There are two types of estates in Scotland – a small estate, with an inventory value of less than £36,000, and a large estate, which is any inventory with a value above this amount.

When creating the inventory, you do not include any debts or costs that are still to be paid, such as a mortgage balance, funeral expenses, or bills owed.

If there is a will, this will say what the deceased wants to happen with their estate. The will may also include funeral instructions and should also appoint an Executor who will be eligible to apply for confirmation.

If there isn’t a will, sometimes referred to as Intestate, the procedure to follow will depend on the size of the estate. For a small estate, there are additional steps, and you need to be appointed Executor using the dative petition procedure. This can be quite complex and follows the Rights of Succession for Scotland.

In these cases, call the National Bereavement Service helpline for free* at 0800 0246 121 and we can offer support.

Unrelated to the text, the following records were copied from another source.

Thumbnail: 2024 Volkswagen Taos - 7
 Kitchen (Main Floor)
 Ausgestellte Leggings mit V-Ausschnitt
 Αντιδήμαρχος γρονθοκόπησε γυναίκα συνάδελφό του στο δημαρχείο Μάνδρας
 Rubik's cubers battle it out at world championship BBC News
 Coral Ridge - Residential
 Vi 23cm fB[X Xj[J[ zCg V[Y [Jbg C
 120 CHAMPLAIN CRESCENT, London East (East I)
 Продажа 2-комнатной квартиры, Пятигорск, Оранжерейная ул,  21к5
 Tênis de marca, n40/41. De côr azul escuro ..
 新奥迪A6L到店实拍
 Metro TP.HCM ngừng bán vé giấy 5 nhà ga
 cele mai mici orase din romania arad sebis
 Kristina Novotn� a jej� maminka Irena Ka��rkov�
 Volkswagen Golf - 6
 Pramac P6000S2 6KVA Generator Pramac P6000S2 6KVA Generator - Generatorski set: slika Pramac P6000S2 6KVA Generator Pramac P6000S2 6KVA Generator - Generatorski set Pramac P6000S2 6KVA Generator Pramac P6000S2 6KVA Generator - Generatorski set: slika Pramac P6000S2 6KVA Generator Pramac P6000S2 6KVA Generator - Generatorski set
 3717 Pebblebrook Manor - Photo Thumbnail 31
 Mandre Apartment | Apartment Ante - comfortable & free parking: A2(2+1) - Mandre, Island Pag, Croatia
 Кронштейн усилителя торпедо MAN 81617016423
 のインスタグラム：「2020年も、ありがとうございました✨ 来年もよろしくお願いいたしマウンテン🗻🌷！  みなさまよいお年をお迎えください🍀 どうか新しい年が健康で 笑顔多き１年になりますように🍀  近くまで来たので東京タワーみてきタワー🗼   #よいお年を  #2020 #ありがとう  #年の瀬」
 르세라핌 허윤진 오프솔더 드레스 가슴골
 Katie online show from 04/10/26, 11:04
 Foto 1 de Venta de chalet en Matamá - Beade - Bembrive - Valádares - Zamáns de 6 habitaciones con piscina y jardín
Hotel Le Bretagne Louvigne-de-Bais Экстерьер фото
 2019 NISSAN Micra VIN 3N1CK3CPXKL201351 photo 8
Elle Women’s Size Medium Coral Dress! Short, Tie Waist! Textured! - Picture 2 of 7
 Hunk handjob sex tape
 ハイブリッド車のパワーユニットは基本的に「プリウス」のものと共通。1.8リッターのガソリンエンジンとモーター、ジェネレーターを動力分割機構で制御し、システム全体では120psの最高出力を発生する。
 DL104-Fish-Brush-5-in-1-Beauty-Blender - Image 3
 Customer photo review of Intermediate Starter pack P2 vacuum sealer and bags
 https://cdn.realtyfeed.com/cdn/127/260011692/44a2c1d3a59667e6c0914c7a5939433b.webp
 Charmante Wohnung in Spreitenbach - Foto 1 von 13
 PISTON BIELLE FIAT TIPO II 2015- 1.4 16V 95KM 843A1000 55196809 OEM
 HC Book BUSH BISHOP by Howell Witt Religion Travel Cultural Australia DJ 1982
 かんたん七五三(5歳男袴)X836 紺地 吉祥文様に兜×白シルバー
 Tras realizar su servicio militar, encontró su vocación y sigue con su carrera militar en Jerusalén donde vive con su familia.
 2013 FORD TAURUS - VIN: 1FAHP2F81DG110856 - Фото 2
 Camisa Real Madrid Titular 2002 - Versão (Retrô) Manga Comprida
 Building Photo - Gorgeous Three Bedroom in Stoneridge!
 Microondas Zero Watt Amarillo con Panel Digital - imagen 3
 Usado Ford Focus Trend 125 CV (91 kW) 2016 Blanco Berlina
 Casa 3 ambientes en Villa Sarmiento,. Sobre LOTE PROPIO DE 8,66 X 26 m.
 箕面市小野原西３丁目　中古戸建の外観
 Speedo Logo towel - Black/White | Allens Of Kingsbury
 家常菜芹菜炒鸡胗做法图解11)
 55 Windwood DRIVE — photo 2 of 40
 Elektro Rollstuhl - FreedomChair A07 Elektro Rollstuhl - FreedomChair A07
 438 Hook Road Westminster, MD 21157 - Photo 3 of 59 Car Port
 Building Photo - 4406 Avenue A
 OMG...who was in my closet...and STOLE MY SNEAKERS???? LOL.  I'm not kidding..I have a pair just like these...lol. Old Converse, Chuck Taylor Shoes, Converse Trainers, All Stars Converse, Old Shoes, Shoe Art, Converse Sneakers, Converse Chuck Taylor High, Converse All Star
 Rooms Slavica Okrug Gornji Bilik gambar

We also recommend you seek legal advice from a solicitor (we can help) or advice from the Citizens Advice Bureau.

Fees involved in confirmation

The fees to be paid are based on the value of the inventory, plus the cost of the certificate of confirmation. Read more here.

Do you need a bond of caution?

If there is no will, you might need to get something called a ‘bond of caution from a guarantor in order to get confirmation. This document acts as insurance against someone obtaining Confirmation in Scotland when they’re not actually entitled to do so or failing to distribute assets as required by law.

With small estates, you do not need a bond of caution if you’re the spouse or civil partner of the person who has died and someone from the sheriff clerk’s office has helped you put together your inventory.